Nouveau président de la Commission : les chefs d’Etat et de gouvernement prennent position

Un article publié par notre partenaire Toute l’Europe


L’Allemand Manfred Weber ? La Danoise Margrethe Vestager ? Le Français Michel Barnier ? Qui présidera la future Commission européenne ? Le 28 mai à Bruxelles, les chefs d’Etat et de gouvernement ont indiqué qu’ils comptaient bien garder la main sur le processus de sélection.

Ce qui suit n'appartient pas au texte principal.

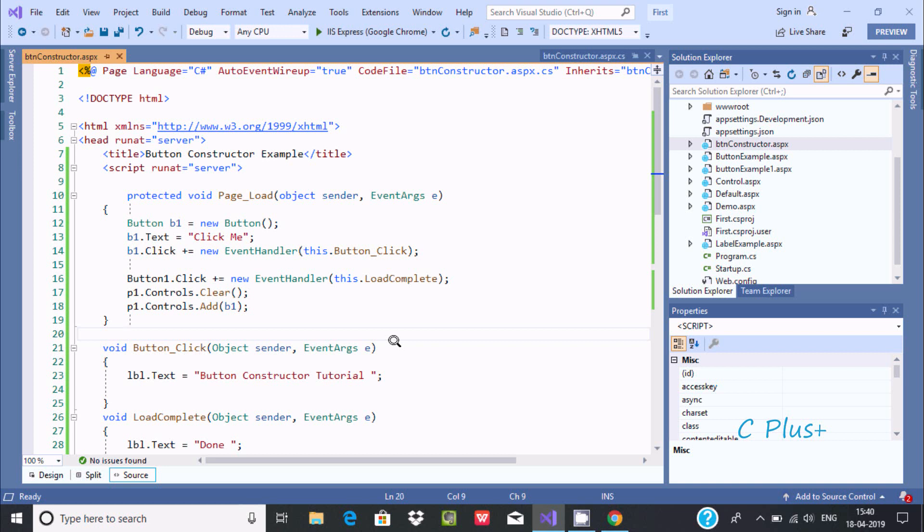Hi guys, in this video I am going to discuss how to open page load event in ASP.NET. So in my last video I discussed about button constructor.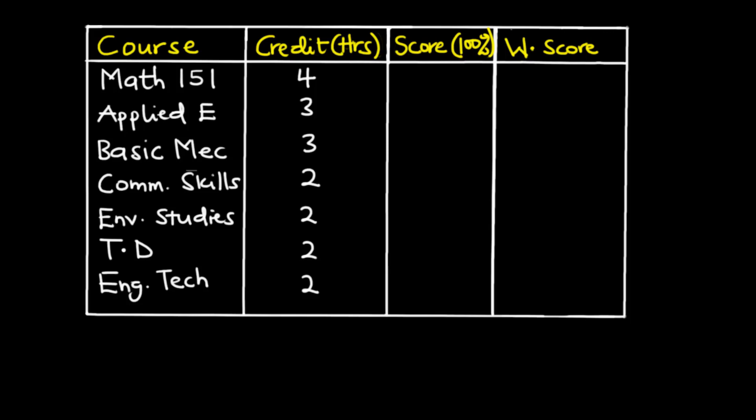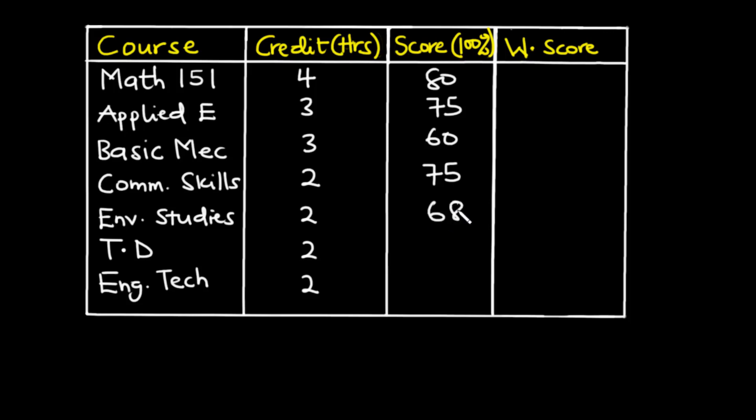So let's say you had 80 percent in MAT151, 75 percent in applied electricity, 60 percent in basic mechanics, 75 percent in comm skills, 68 percent in environmental studies, 90 percent in technical drawing, and then 96 percent in engineering technology.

Mais les négociations s’annoncent complexes… aussi bien entre eux qu’avec le Parlement européen.


Tirer les enseignements des élections européennes pour redistribuer les postes clés de l’Union… Voilà de quoi occuper, au moins jusqu’à la fin du mois de juin, les longues nuits bruxelloises. Et voilà donc ce qui était au menu le 28 mai, deux jours après la fin du scrutin, d’un dîner informel des chefs d’Etat et de gouvernement.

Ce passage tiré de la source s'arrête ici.